Mike Rock responded to the public comments. He stated that financing of the project was measured against a "no action" alternative. From the period between 1994 to 1999, the area's value deteriorated dramatically and there has been an increase in demands for services. The current sales tax from the site is approximately $70,000 per year. The incremental yearly gain will be a minimum of $1 million. If the project did not move forward, the current sales tax collection would remain in place. There is no pledge of any City General Fund revenues. Regarding property acquisition, Mr. Rock stated that property sales negotiations would not happen in a public meeting. There is a separate and distinct process for negotiating prices per square foot, nor would the City assume the price per square foot for a small parcel of land for use in a public right-of-way would be the same for a larger piece of land for retail development. The burden does not fall on the City to somehow make property marketable for individual property owners.
Mayor Burkholder asked about the notification to property owners.
Mr. Rock stated that if the City would be on private property, notification
would be given to the property owners. If property is being purchased, it is
normal to have survey work and environmental assessment work done on that property.
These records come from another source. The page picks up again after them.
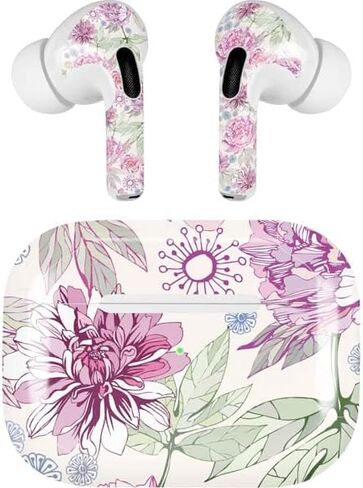 غلاف صوتي من Skinit متوافق مع Apple AirPods Pro (الجيل الثاني، 2022) بتصميم زهور الطيور المصمم في الأصل in Kuwait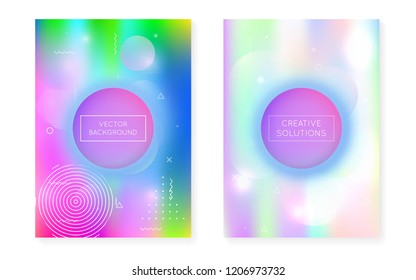 Fluid shapes cover with liquid dynamic background. Holographic bauhaus gradient with memphis. Graphic template for brochure, banner, wallpaper, mobile screen. Rainbow fluid shapes cover.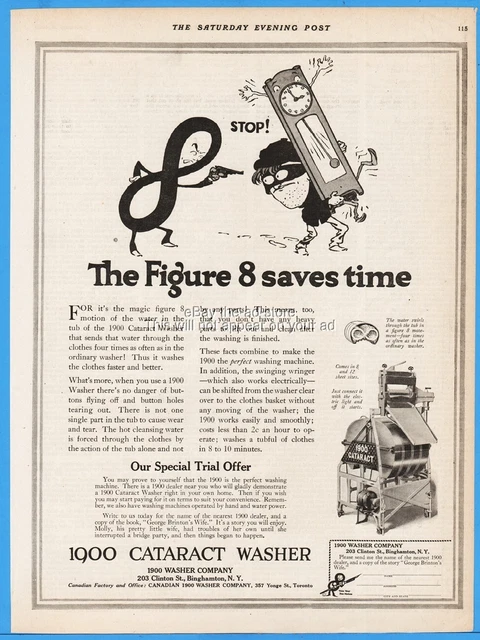 1920 Cataract 1900 Washer Binghamton NY Washing Machine Figure 8 Saves Time Ad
Mr. Rock stated he would speak to Wal-Mart and Goldberg and ask them to notify
property owners as well.
Another component of the agreement provides for the acquisition of Vance Terrace, which will happen in December of 2003. In addition, the public improvement agreement is not an independent obligation. Public improvements are directly connected to the construction of the store and the implementation of the project.
Councilman Elliott stated that the public improvements listed on Exhibit D total approximately $32 million. The public improvement cost mentioned earlier was $22.5 million.
Attorney Malcolm Murray stated that the $32 million included the property acquisition costs.
Councilman Elliott asked about the potential for ongoing collection of the public improvement fee after the debt is paid off.
Mr. Rock stated that the fee is a private fee and not a city tax of any kind. They are privately imposing it and, therefore, the City doesn't have the ability to say they can't.
Councilwoman Herbst asked how extensive the environmental problems are on the site.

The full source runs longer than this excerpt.